Elif Canpolat, Cemil İşlek, Ilgaz Akata, Şükrü Canpolat, Yasemin İşlek

Total Phenolics, Antioxidative and Antimicrobial Activities of Some Edible Ascomycota Collected from Niğde

Mushrooms have been used as food and medicinal purposes for centuries. In this study, some edible Ascomycota were collected in 2018 and 2019 from Niğde, Turkey. Molecular identifications of the samples were performed afterward. PCR products were sent for sequence analysis after ITS fragments were amplified with suitable primers concerning DNA isolation of samples. The obtained data were compared with the Genbank database for samples’ determination. The mushroom samples were determined to be Terfezia claveryi Chatin and Morchella esculenta (L.) Pers. Samples were extracted by ethanol and methanol to determine antimicrobial activity using the disc diffusion method. Antimicrobial zones against microorganisms were measured.
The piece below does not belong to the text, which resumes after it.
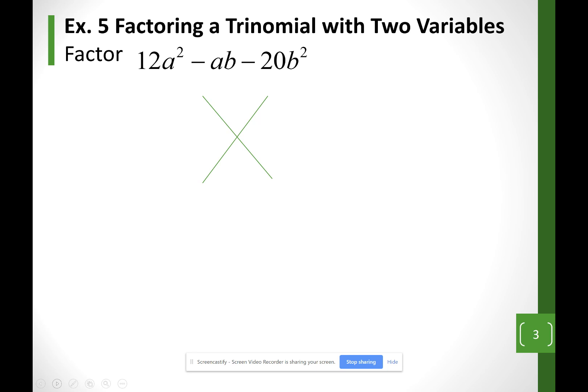Here I want two numbers that when I multiply them is equal to negative 240, but when I add my numbers is equal to negative 1. My numbers will be different signs. So thinking of factors of 240: 1 times 240 — that doesn't work. 2 times 120, that doesn't work. 3 times 80. 4 times 60. 5 times 48 — so far it's not working, but just continue.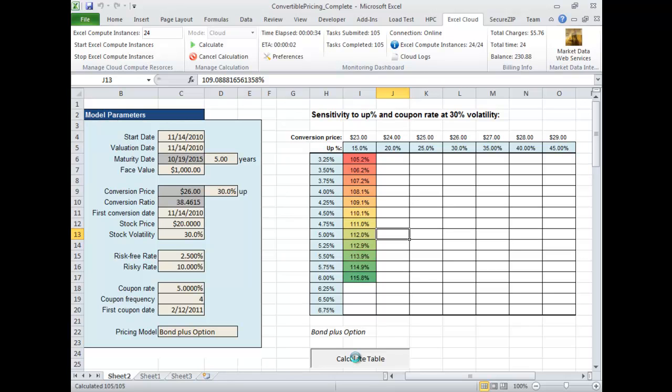The demonstration will take approximately two and a half minutes. In this time you will see how a financial model for pricing convertible bonds is accelerated many times by our Excel cloud service.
Then DPPH radical scavenging effects and total phenolic content of T. claveryi and M. esculenta mushroom samples were studied. The highest antimicrobial activity was observed in ethanol extracts of M. esculenta. When the DPPH radical scavenging activities are taken into account, the activity is increased depending on the concentration. The highest DPPH scavenging activity was found in the extract of M. esculenta with 40.86%. It was determined that the total phenolic substances in methanol extracts of mushroom samples varies between 533.28 ± 1,15-537.34 ±2.20 μg GAE / mg extract.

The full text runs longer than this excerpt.